About this task ▸ Copy out all the records exactly.
--- START ---
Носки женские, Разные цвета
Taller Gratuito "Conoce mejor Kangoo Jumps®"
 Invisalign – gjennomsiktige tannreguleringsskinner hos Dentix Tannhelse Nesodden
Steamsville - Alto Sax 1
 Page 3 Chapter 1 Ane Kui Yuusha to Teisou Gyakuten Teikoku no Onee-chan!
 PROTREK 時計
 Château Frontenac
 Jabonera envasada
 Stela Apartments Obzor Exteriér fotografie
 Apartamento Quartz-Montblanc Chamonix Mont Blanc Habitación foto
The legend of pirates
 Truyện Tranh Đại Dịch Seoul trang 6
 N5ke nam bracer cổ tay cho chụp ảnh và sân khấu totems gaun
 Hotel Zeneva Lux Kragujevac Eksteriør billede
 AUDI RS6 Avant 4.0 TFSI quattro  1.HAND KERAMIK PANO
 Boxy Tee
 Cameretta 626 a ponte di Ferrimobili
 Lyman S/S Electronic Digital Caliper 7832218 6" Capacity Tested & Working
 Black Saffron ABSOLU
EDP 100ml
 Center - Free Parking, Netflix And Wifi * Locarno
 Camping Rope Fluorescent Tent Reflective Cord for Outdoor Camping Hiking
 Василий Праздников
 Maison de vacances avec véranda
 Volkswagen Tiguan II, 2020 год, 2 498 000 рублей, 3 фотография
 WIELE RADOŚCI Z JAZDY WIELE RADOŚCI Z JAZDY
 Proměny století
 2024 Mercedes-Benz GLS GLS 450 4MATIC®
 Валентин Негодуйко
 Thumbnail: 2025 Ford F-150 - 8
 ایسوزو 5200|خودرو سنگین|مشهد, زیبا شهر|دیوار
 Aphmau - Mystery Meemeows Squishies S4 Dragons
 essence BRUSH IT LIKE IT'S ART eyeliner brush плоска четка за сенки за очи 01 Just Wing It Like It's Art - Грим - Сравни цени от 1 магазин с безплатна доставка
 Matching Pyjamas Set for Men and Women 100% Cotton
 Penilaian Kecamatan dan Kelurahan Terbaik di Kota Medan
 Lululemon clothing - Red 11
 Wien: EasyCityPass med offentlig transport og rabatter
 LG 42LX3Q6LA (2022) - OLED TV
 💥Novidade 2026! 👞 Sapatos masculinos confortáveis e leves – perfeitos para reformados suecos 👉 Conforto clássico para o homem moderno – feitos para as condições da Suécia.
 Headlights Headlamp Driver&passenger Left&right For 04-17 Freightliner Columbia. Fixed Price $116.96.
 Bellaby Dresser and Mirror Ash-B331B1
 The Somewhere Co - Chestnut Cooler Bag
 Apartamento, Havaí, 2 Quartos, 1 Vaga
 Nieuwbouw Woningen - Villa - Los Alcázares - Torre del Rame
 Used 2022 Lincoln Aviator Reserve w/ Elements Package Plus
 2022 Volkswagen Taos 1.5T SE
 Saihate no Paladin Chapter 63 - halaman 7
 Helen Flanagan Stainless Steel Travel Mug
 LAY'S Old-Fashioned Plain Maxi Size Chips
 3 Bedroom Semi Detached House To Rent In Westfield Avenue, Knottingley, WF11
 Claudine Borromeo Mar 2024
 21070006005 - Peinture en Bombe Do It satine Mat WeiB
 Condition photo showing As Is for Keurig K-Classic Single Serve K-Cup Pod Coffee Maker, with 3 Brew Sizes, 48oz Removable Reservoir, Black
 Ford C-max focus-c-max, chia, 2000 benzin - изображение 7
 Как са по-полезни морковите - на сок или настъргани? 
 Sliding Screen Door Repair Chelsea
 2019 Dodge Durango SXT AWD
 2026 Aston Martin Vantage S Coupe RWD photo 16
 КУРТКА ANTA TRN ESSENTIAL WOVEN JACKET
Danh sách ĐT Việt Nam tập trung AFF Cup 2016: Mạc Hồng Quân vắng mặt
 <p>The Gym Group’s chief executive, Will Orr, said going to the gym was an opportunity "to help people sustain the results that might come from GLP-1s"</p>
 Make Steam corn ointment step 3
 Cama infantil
--- END ---
Your response ▸
Носки женские, Разные цвета
Taller Gratuito "Conoce mejor Kangoo Jumps®"
 Invisalign – gjennomsiktige tannreguleringsskinner hos Dentix Tannhelse Nesodden
Steamsville - Alto Sax 1
 Page 3 Chapter 1 Ane Kui Yuusha to Teisou Gyakuten Teikoku no Onee-chan!
 PROTREK 時計
 Château Frontenac
 Jabonera envasada
 Stela Apartments Obzor Exteriér fotografie
 Apartamento Quartz-Montblanc Chamonix Mont Blanc Habitación foto
The legend of pirates
 Truyện Tranh Đại Dịch Seoul trang 6
 N5ke nam bracer cổ tay cho chụp ảnh và sân khấu totems gaun
 Hotel Zeneva Lux Kragujevac Eksteriør billede
 AUDI RS6 Avant 4.0 TFSI quattro  1.HAND KERAMIK PANO
 Boxy Tee
 Cameretta 626 a ponte di Ferrimobili
 Lyman S/S Electronic Digital Caliper 7832218 6" Capacity Tested & Working
 Black Saffron ABSOLU
EDP 100ml
 Center - Free Parking, Netflix And Wifi * Locarno
 Camping Rope Fluorescent Tent Reflective Cord for Outdoor Camping Hiking
 Василий Праздников
 Maison de vacances avec véranda
 Volkswagen Tiguan II, 2020 год, 2 498 000 рублей, 3 фотография
 WIELE RADOŚCI Z JAZDY WIELE RADOŚCI Z JAZDY
 Proměny století
 2024 Mercedes-Benz GLS GLS 450 4MATIC®
 Валентин Негодуйко
 Thumbnail: 2025 Ford F-150 - 8
 ایسوزو 5200|خودرو سنگین|مشهد, زیبا شهر|دیوار
 Aphmau - Mystery Meemeows Squishies S4 Dragons
 essence BRUSH IT LIKE IT'S ART eyeliner brush плоска четка за сенки за очи 01 Just Wing It Like It's Art - Грим - Сравни цени от 1 магазин с безплатна доставка
 Matching Pyjamas Set for Men and Women 100% Cotton
 Penilaian Kecamatan dan Kelurahan Terbaik di Kota Medan
 Lululemon clothing - Red 11
 Wien: EasyCityPass med offentlig transport og rabatter
 LG 42LX3Q6LA (2022) - OLED TV
 💥Novidade 2026! 👞 Sapatos masculinos confortáveis e leves – perfeitos para reformados suecos 👉 Conforto clássico para o homem moderno – feitos para as condições da Suécia.
 Headlights Headlamp Driver&passenger Left&right For 04-17 Freightliner Columbia. Fixed Price $116.96.
 Bellaby Dresser and Mirror Ash-B331B1
 The Somewhere Co - Chestnut Cooler Bag
 Apartamento, Havaí, 2 Quartos, 1 Vaga
 Nieuwbouw Woningen - Villa - Los Alcázares - Torre del Rame
 Used 2022 Lincoln Aviator Reserve w/ Elements Package Plus
 2022 Volkswagen Taos 1.5T SE
 Saihate no Paladin Chapter 63 - halaman 7
 Helen Flanagan Stainless Steel Travel Mug
 LAY'S Old-Fashioned Plain Maxi Size Chips
 3 Bedroom Semi Detached House To Rent In Westfield Avenue, Knottingley, WF11
 Claudine Borromeo Mar 2024
 21070006005 - Peinture en Bombe Do It satine Mat WeiB
 Condition photo showing As Is for Keurig K-Classic Single Serve K-Cup Pod Coffee Maker, with 3 Brew Sizes, 48oz Removable Reservoir, Black
 Ford C-max focus-c-max, chia, 2000 benzin - изображение 7
 Как са по-полезни морковите - на сок или настъргани? 
 Sliding Screen Door Repair Chelsea
 2019 Dodge Durango SXT AWD
 2026 Aston Martin Vantage S Coupe RWD photo 16
 КУРТКА ANTA TRN ESSENTIAL WOVEN JACKET
Danh sách ĐT Việt Nam tập trung AFF Cup 2016: Mạc Hồng Quân vắng mặt
 <p>The Gym Group’s chief executive, Will Orr, said going to the gym was an opportunity "to help people sustain the results that might come from GLP-1s"</p>
 Make Steam corn ointment step 3
 Cama infantil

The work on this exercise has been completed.